1. Plant edibles. It sounds really obvious, but Americans tend to plant way too many flowers. Fill your space with food plants and then add a few flowers in the left-over spaces. Learn which food plants are handsome: the glossy evergreen leaf of citrus rivals any ornamental hedge. Pomegranates are breathtaking in nearly every season.
2. Take advantage of our year-round growing season. Don’t limit yourself to summer. Our Southern California cool season includes some of our most productive months! Use the Digitalseed San Diego online calendar to time your vegetable plantings all year. Select fruit tree varieties to harvest sequentially so that you have an ongoing harvest stream.
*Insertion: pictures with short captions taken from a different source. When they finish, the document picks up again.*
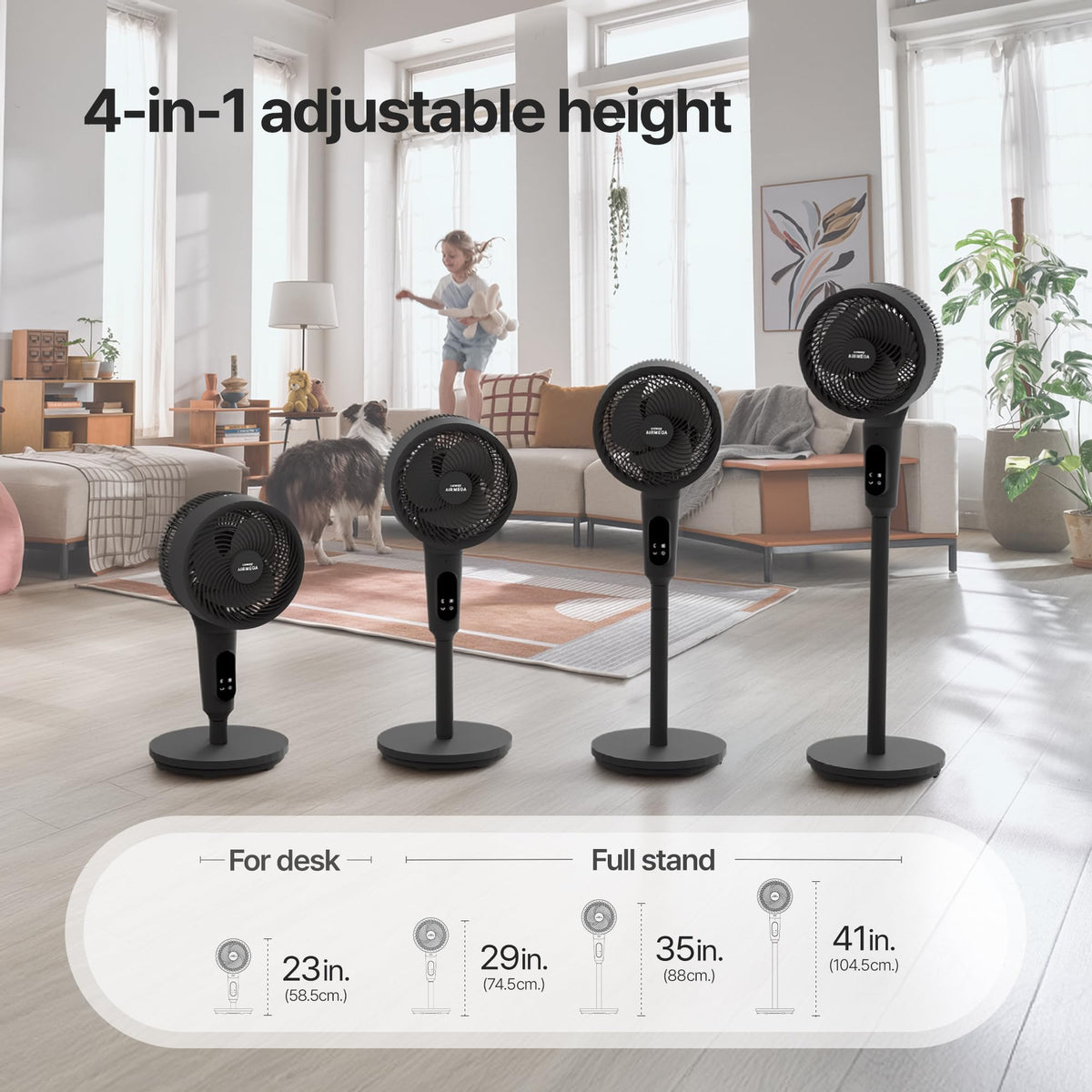 Airmega P50 Pedestal Fan , Voice Control, 18.5dB Quiet with BLDC Motor, 120°+90° Omni-Directional Oscillating, 108ft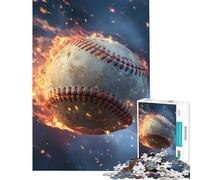 Rompecabezas de 1000 Piezas - Béisbol en Llamas - Juguetes educativos para Aprender y Jugar - Ideas de Regalos con un desafío difícil (Tamaño 38x52cm)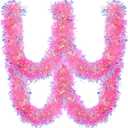 GlyinnHe 19.7FT Pink Christmas Tinsel Garland Metallic Tinsel Twist Garland Glitter Foil Garland Decoration for Christmas Tree Wedding Party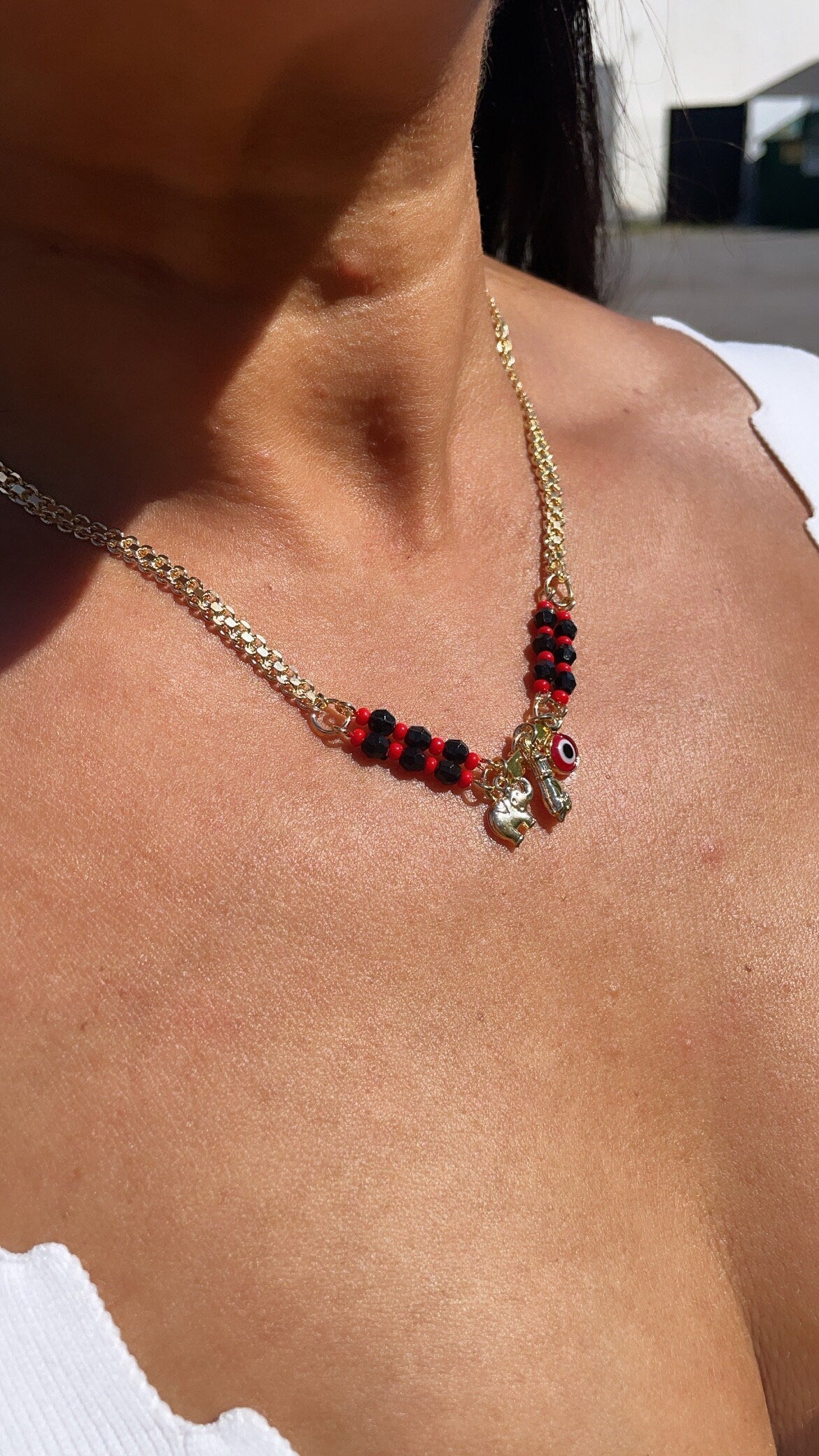 18k Gold Filled Protection “Figa” Hand, Red Evil Eye, Luck Elephant Charm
3. Maximize the square footage of your garden. Put the most area you can to work at growing vegetables. Much more than a small rectangle in the remote back corner of your yard, you can grow food in all the places that you used to call “flower” beds, and between the ornamental shrubs too!
4. Build your soil. That includes using mulch (big chunks, used on top of soil) and compost (decomposed, fine texture, tilled into soil), rotating your vegetables, and constantly planting legumes (peas and beans).
5. Nurture your soil critters. Earthworms are only the visible part of the life spectrum; there are millions of live critters that live in symbiotic relationships in healthy garden soil. Garden chemicals sear them out of existence. Keep them happy with food (give ‘em compost) and moisture (use mulch as a quilt to “tuck them in”). Your soil should feel like a damp wrung-out sponge.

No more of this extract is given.